认知神经科学研究报告【20260072】

Technical Report: Transformer-Based Chinese Text Generation with Sliding Window and Gradient Optimization

Abstract

This report presents a transformer-based language model for Chinese text generation, trained on a 31MB corpus of 1599 text files. The model employs a sliding window approach to extract fixed-length token sequences, a custom vocabulary of 266,216 tokens, and a causal transformer architecture with 141.85 million parameters. Training incorporates gradient accumulation, mixed precision (FP16), and gradient checkpointing to manage GPU memory (15.77GB total). After one epoch (37 minutes, 21,049 batches), the model achieves a cross-entropy loss of 7.51 (perplexity ≈ 1827). Generated samples show emerging linguistic patterns (e.g., "天气 是 主要" -- "weather is mainly") despite limited training. The system supports checkpoint resumption and standalone text generation.

1. Introduction

Large language models have achieved remarkable success in natural language generation, but training from scratch on domain-specific corpora remains computationally intensive. This work develops a lightweight transformer model tailored for Chinese text generation, leveraging a custom pipeline for data preprocessing, streaming dataset handling, and memory-efficient training. The primary contributions are:

  • A sliding-window preprocessing pipeline using spaCy for Chinese tokenization, producing fixed-length sequences.
  • A vocabulary of 266,216 tokens constructed from a 31MB corpus of 1599 text files.
  • A causal transformer with 4 layers, 8 attention heads, and embedding dimension 256.
  • Training optimizations: gradient accumulation, automatic mixed precision (AMP), gradient checkpointing, and periodic checkpoint saving.
  • A separate generation script supporting arbitrary starting prompts and temperature-controlled sampling.

2. Methodology

2.1 Data Preprocessing

All .txt files are recursively collected from a root directory. Each file is read with automatic encoding detection (UTF-8, GBK, GB18030) and tokenized using the spaCy Chinese model zh_core_web_sm with non-essential components disabled (tagger, parser, NER, lemmatizer) to improve speed.

A sliding window extracts consecutive token windows of length W (default 100) with step S (default 50).

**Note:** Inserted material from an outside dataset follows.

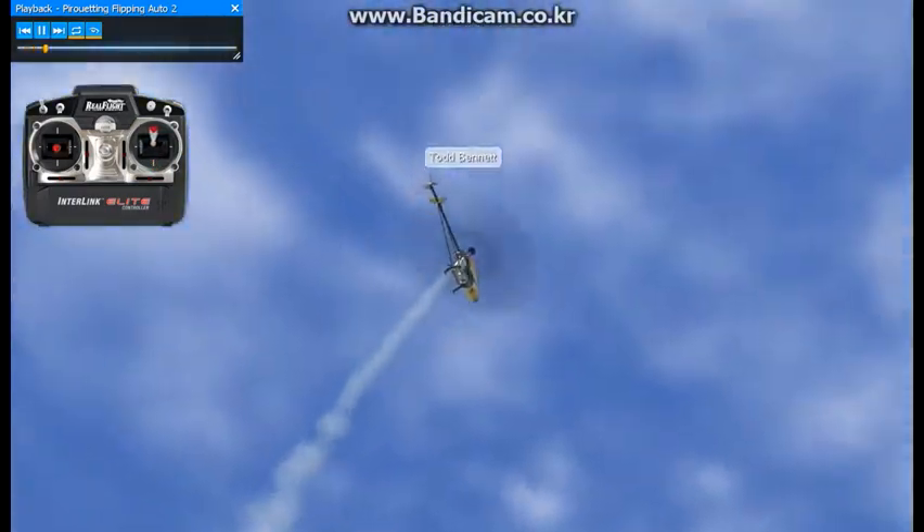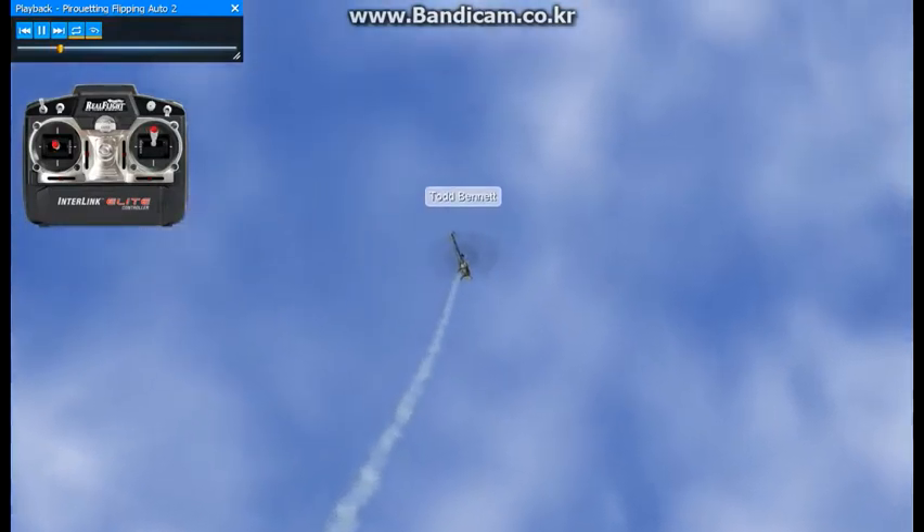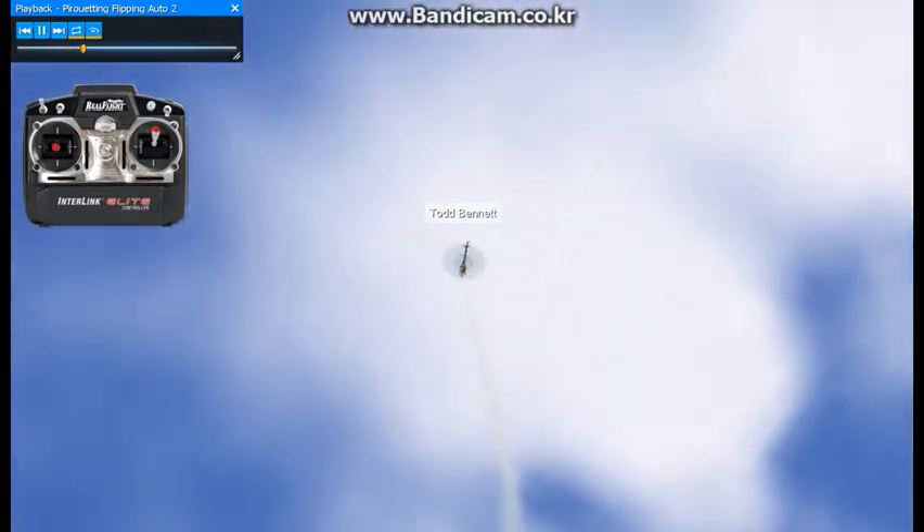Here we have what's known as the pirouetting flip auto. Keep in mind, collective is reversed on this one as well, just like the normal flip in the auto rotation.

For each window, tokens are mapped to integer IDs using a pre-built vocabulary. The vocabulary is built offline from the entire corpus, containing common tokens with frequency ≥2, plus special tokens: <PAD> (0), <UNK> (1), <BOS> (2), <EOS> (3). The final vocabulary size is 266,216.

2.2 Model Architecture

The transformer model is a causal language model inspired by GPT. Key parameters:

  • Embedding dimension d_model = 256
  • Number of attention heads nhead = 8
  • Number of transformer layers num_layers = 4
  • Maximum sequence length max_seq_len = 100 (matches window size)
  • Dropout rate = 0.1

The model consists of a token embedding layer, a positional embedding layer, a stack of transformer encoder layers with causal masking (upper triangular mask), and a linear output head projecting to vocabulary size. Total trainable parameters: 141,854,696.

2.3 Training Setup

Training uses the following configuration:

  • Optimizer: AdamW (learning rate 1e-3, weight decay 0.01)
  • Loss function: Cross-entropy (ignoring padding)
  • Batch size per device: 8
  • Gradient accumulation steps: 2 (effective batch size = 16)
  • Mixed precision: FP16 with GradScaler
  • Gradient checkpointing: enabled
  • Checkpoint saving: every epoch
  • Number of epochs: 5 (one epoch completed as of report)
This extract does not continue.